→ **WORK REQUEST**: All entries are to be quoted exactly; the images stay out of the copy.
══ DATASET EXCERPTS
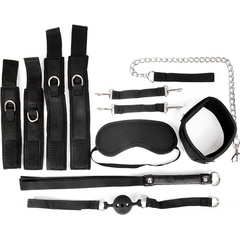  Черный текстильный набор БДСМ: наручники, оковы, ошейник с поводком, кляп, маска, плеть 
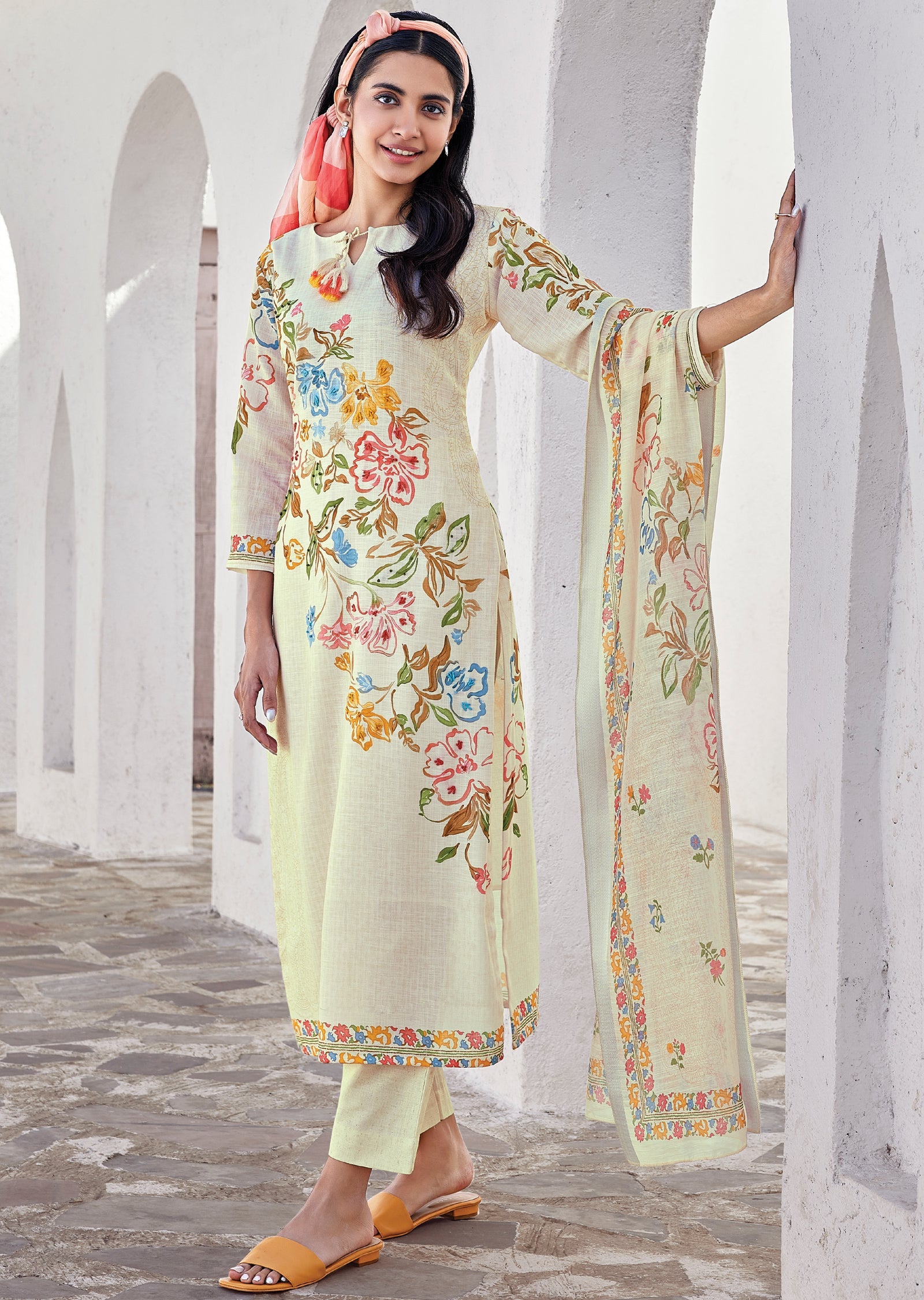 Cream Cotton Straight cut Suit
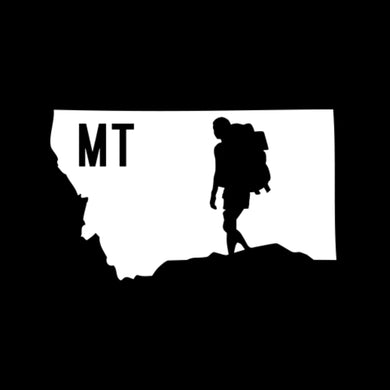 HIKE MONTANA - TRUCK DECAL - STATE AND HIKER
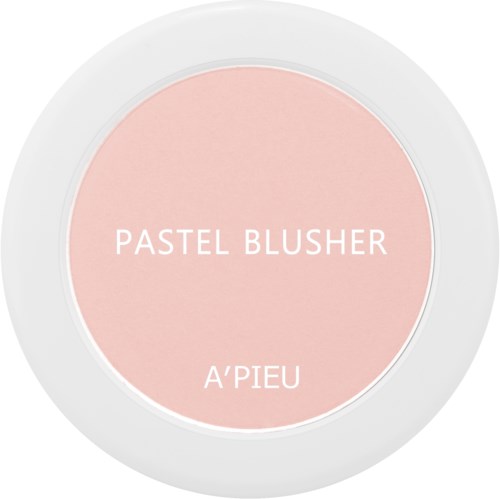 Een ronde blushhouder met "Pastel Blusher" van A'PIEU met een roze tint binnenin.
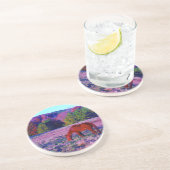 Reitpferd im Lila Gras Untersetzer (Seite)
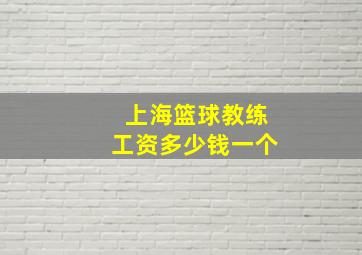 上海篮球教练工资多少钱一个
════
→ **SOLVED PROBLEM**:
  Черный текстильный набор БДСМ: наручники, оковы, ошейник с поводком, кляп, маска, плеть 
 Cream Cotton Straight cut Suit
 HIKE MONTANA - TRUCK DECAL - STATE AND HIKER
 Een ronde blushhouder met "Pastel Blusher" van A'PIEU met een roze tint binnenin.
 Reitpferd im Lila Gras Untersetzer (Seite)
 上海篮球教练工资多少钱一个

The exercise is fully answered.